┌──
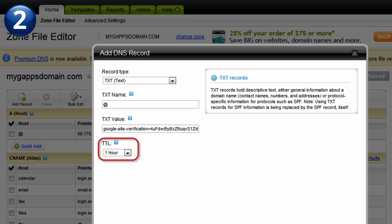For the TTL value, keep the default value or select the smallest value provided. Note that this field might not be available for some domain providers. If your provider doesn't have it, don't worry about it. It's not needed. In our example, we'll keep the default value of one hour.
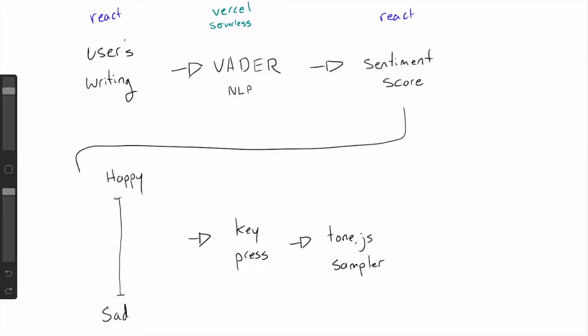As the user's writing in the React layer we're constantly analyzing the sentiment of their entry using an NLP processing library called VADER. We're hosting that in a Vercel serverless function so it's tightly coupled with the React app, works pretty well together.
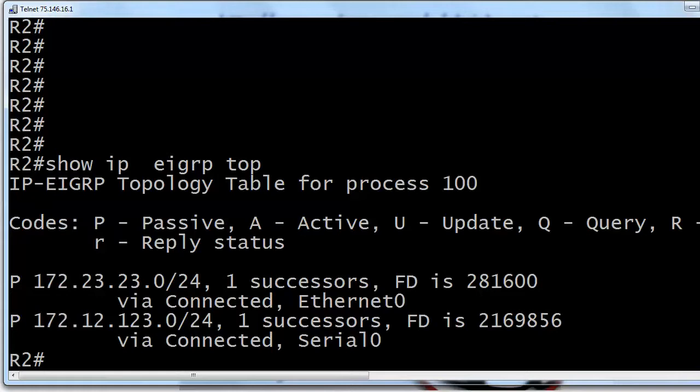That happens so quickly when you've got feasible successors and when you quickly find that backup route that you need in the DUAL process. That happens so quickly that you might not even see the A. But if you see it there for a while, you know it's stuck in active, and that's a whole other video.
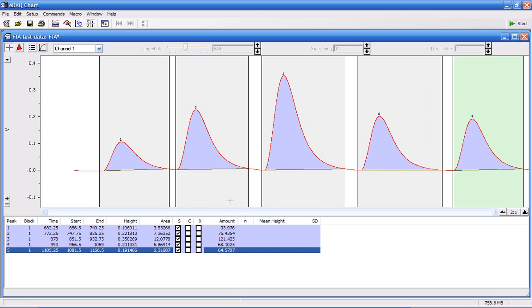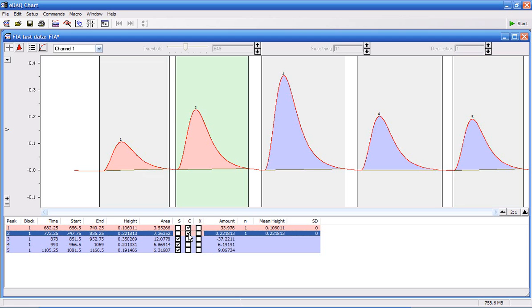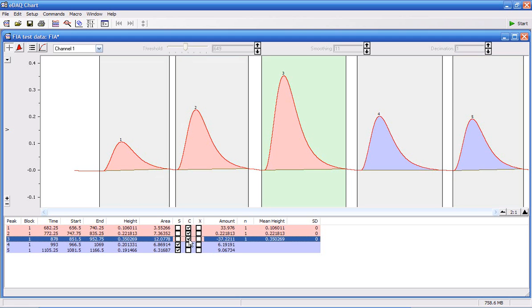Now for this example, I'm going to pretend that peaks 1, 2, and 3 are my calibration standards. At the moment, all the peaks are set to S, which is samples. So I'm going to click peaks 1 to 3 as calibration standards. The software marks them pink to show that they're calibration standards.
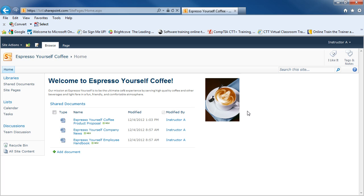I have a sample team site that we'll be using for demonstration purposes. This team site is set up for the Espresso Yourself Coffee Company. This is a very basic, plain vanilla team site, but it is useful for going through and looking at the interface. So let's get started and look at the parts.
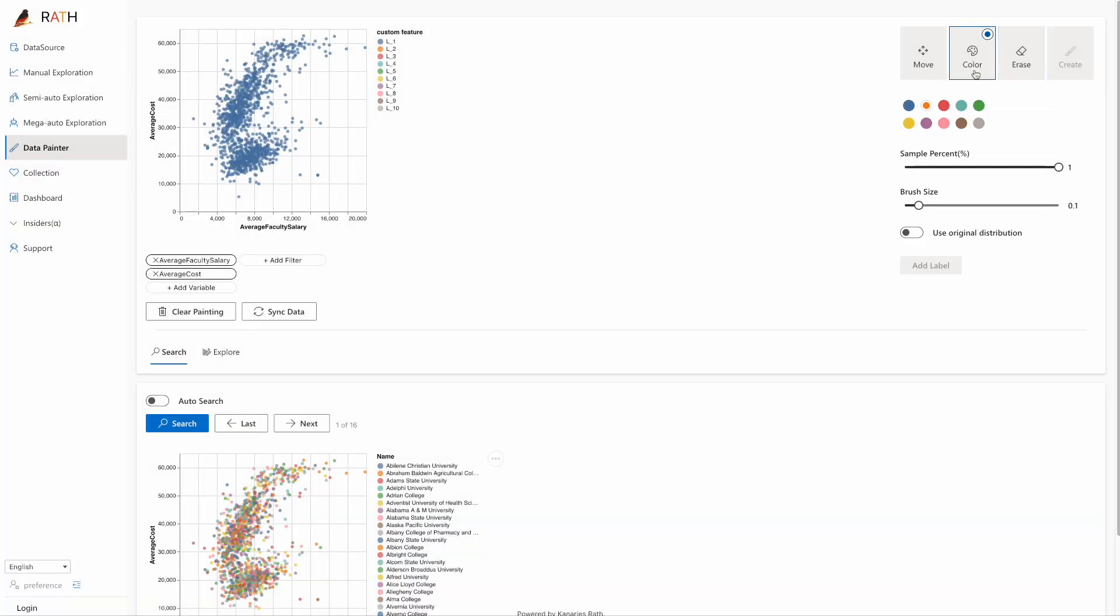You might spot some patterns in the data. However, there are no variables or features in the original dataset that could accurately describe the patterns. In this case, you can create new variables or features on the fly.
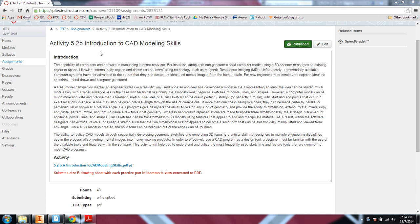Activity 5.2 Intro to CAD Modeling Skills introduces us to a bunch of different tools. Most of these we're just using the tools to create some widgets, and then in 5.5 we'll use all these tools to build the Automobox car.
└──
## [WHAT YOU NEED TO DO]
Return all the records above exactly, pictures omitted.

## [SOLUTION TO THIS EXERCISE]
For the TTL value, keep the default value or select the smallest value provided. Note that this field might not be available for some domain providers. If your provider doesn't have it, don't worry about it. It's not needed. In our example, we'll keep the default value of one hour.
As the user's writing in the React layer we're constantly analyzing the sentiment of their entry using an NLP processing library called VADER. We're hosting that in a Vercel serverless function so it's tightly coupled with the React app, works pretty well together.
That happens so quickly when you've got feasible successors and when you quickly find that backup route that you need in the DUAL process. That happens so quickly that you might not even see the A. But if you see it there for a while, you know it's stuck in active, and that's a whole other video.
Now for this example, I'm going to pretend that peaks 1, 2, and 3 are my calibration standards. At the moment, all the peaks are set to S, which is samples. So I'm going to click peaks 1 to 3 as calibration standards. The software marks them pink to show that they're calibration standards.
I have a sample team site that we'll be using for demonstration purposes. This team site is set up for the Espresso Yourself Coffee Company. This is a very basic, plain vanilla team site, but it is useful for going through and looking at the interface. So let's get started and look at the parts.
You might spot some patterns in the data. However, there are no variables or features in the original dataset that could accurately describe the patterns. In this case, you can create new variables or features on the fly.
Activity 5.2 Intro to CAD Modeling Skills introduces us to a bunch of different tools. Most of these we're just using the tools to create some widgets, and then in 5.5 we'll use all these tools to build the Automobox car.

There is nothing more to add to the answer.